The Parcel is third film by Indrasis Acharya. The film won Best Indian Director award from 25th Kolkata International film festival. The Parcel is a 2020 Indian Bengali, mystery cum psychological thriller film produced by Rituparna Sengupta and Krishna Kyal. The film features Rituparna Sengupta, Saswata Chatterjee, Anindya Chatterjee and Ambarish Bhattacharya in lead roles and Sreela Majumdar and Pradip Mukherjee as supporting characters. The story of the film revolves around a doctor-couple and Nandini, the protagonist, and mysterious parcels.

=== Filmography ===

|  | Denotes films that have not yet been released |

| Year | Film | Writer | Director | Producer |
|---|---|---|---|---|
| 2017 | Bilu Rakkhosh | Yes | Yes | Aalekh |
| 2018 | Pupa | Yes | Yes | Addatimes |
| 2020 | The Parcel | Yes | Yes | Bhavna aaj O Kal & Krishna Kayal |
| 2021 | 'Red Velvet' part of a Hindi Anthology Three Course Meal | Yes | Yes | Kefi entertainment |
| 2023 | Niharika | Yes | Yes | Pastel Entertainment & Vintage Motion Picturez |

===Short films===
Acharya has made four short films till date namely UN-FAIR-Y, Oneker Moddhey Ekjon (One Amongst Many), Living beyond the Line, Ektu Antorikotar Jonno (For a Little Affection).

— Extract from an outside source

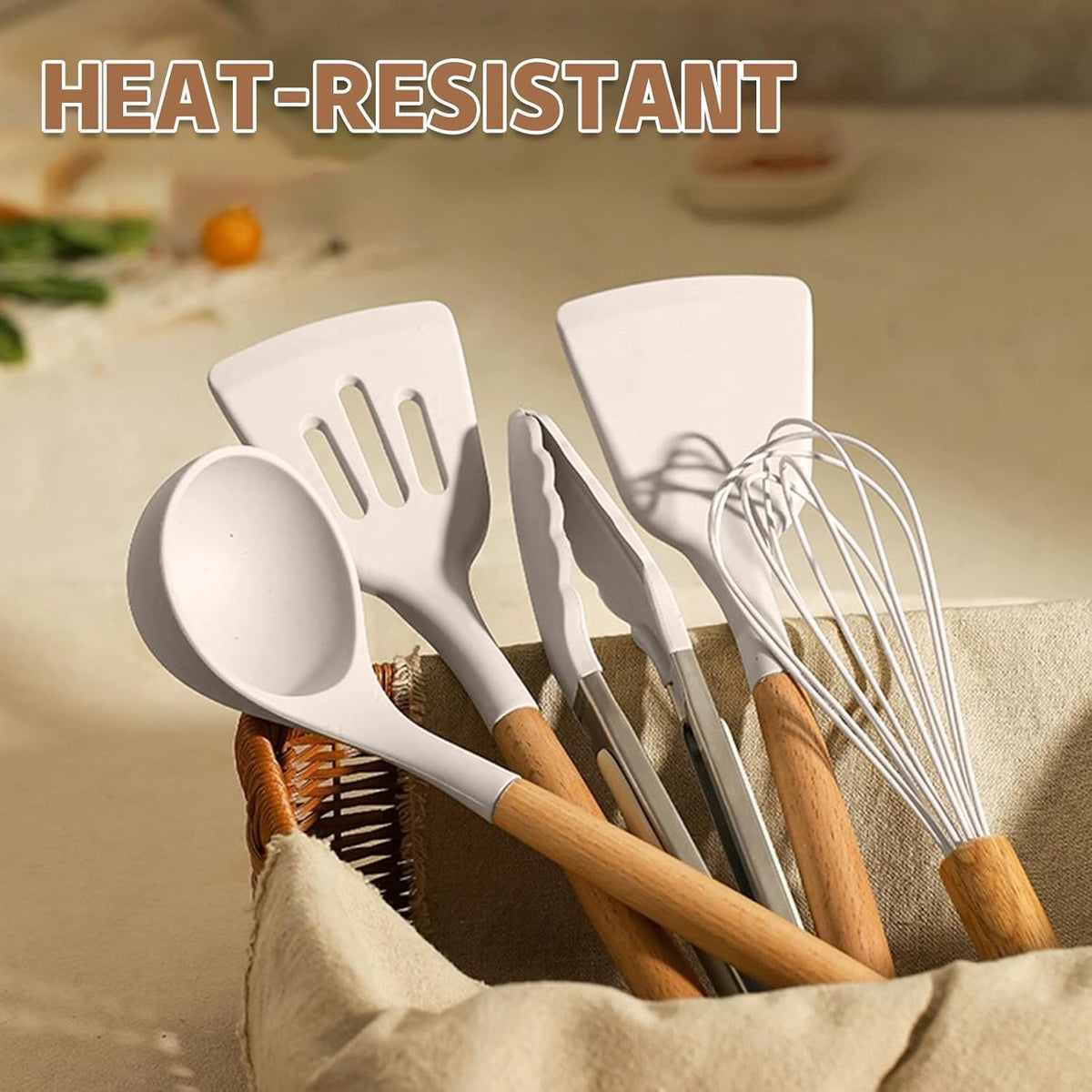 Umite Chef Silicone Utensil Set, 33 Piece with Wooden Handles, Khaki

==Awards and recognition==

Niharika (In the Mist)

• Official Selection - Adelaide Film Festival, 2022.

• Official Selection In Competition - 6th Hanoi International Film Festival, 2022.

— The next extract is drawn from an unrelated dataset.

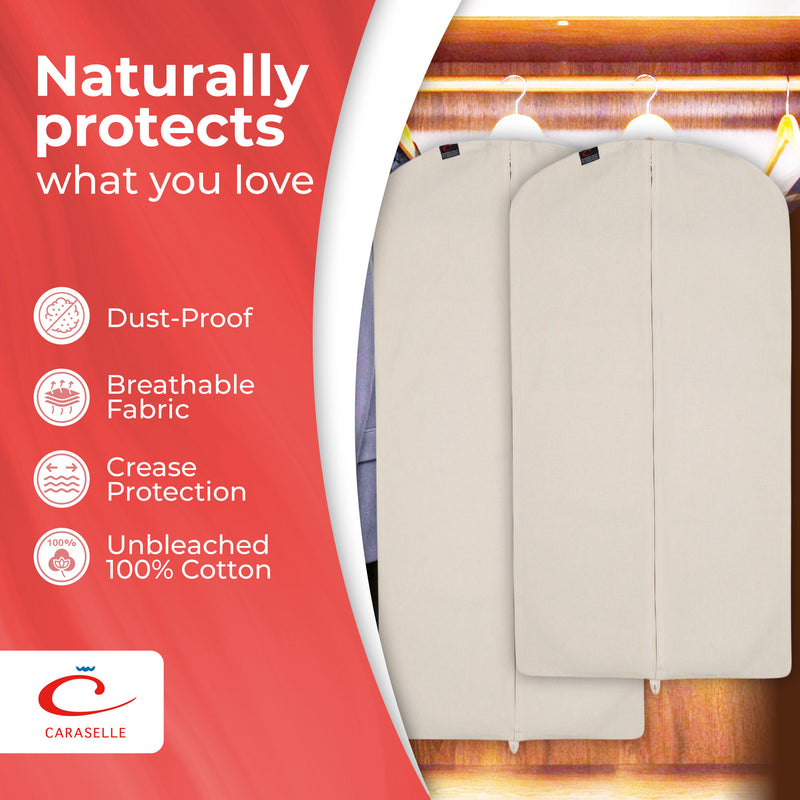 100% Natural Cotton Dress Cover – Breathable Zipped Garment Storage Bag for Dresses, Coats & Occasionwear (Approx. 129 x 60cm)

• Official Selection in International Film Festival of Kerala (IFFK) - India Film Today

• Official Selection - Pune International Film Festival.

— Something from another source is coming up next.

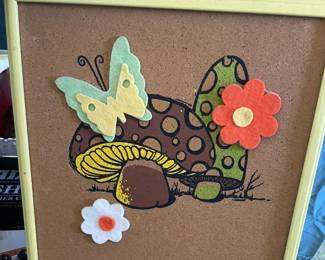 1960/70's Mushrooms, Butterfly & Flowered Graphic, Framed  Cork, Bulletin Board --Groovy!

• Official Selection - Adelaide Film Festival, 2022.

• Best film ( critics) 2023 - Filmfare Awards

• Best Plyback 2023 - Filmfare Awards

The Parcel

- Best Indian Director - 25th Kolkata International Film Festival
- Official Selection PARCEL - Jogja NETPAC Asian film festival, Indonesia to celebrate one hundred years of Bengali Cinema.
- Best Film- Audience Choice Award, Indian Panorama, Diorama International film festival.
- Best Female Actor (Rituparna Sengupta ) Jury Award - 10th DC South Asian Film Festival, 2022.
- Official Selection- 19th Dhaka international film festival in Cinema of the World Section, USA
- Official Selection- In Competition, Melbourne Indian Film Festival.
- Official Selection- New York Indian Film Festival.
- Official Selection - In Competition St Andrews International Film Festival, Scotland

Pupa:
- In Competition- HANOI International Film Festival, Vietnam
- In Competition – Kolkata International Film Festival, India
- Asian Selection (Sole)- China Lanmei Film Week
- Invitation by London University for screening at Goldsmith Literary Seminar 2019
- Best Film (Bengali) - All India Critic Choice Film Award, Mumbai, 2018, CCFA.
- Best Film All Lights International Film Festival, India, 2018
- Best Film- Boston Indian Film Festival, 2018
- Best Film- Bengal Film Journalist Association, 2018
- Best Director, Best Actor, Best Sound Design in Aurangabad International Film festival
- Best Director- Hyderabad Film Festival,2018
- Best promising Director 2019 from NABC
- Special Jury Mention in Dada Saheb Film Festival,
- In Selection- Best Film for Hiralal Sen Award (West Bengal)
- In Selection- Film Fare Award 2018
- In Competition Pondicherry International Film Festival
- In Competition – Trissur International Film Festival
- Third Eye Asian film Festival, Mumbai
- Dhaka International Film Festival
- Habitat Film Festival.
- Singapore South Asian International Film Festival

Bilu Rakkhosh:

- Official Selection New York Indian Film festival in Competition
- Nominated for Best Actor Category in New York Indian Film Festival
- Official Selection Jagran Film Festival in Competition
- Official selection Third Eye Asian Film Festival
- Official selection Bodhisattva International Film Festival in Competition
- Official Selection Habitat Film Festival
- Official nomination Asia pacific screen awards, Brisbane, Australia.

==Upcoming project==
He is working on his new film titled Gajoner Dhulobali (Dust and Pebbles) with Ritwick Chakraborty, Rituparna Sengupta, Loknath Dey, Deepak Haldar and others.

His first Hindi fiction Red Velvet as a part of a Hindi Anthology of three short stories is under Post Production now.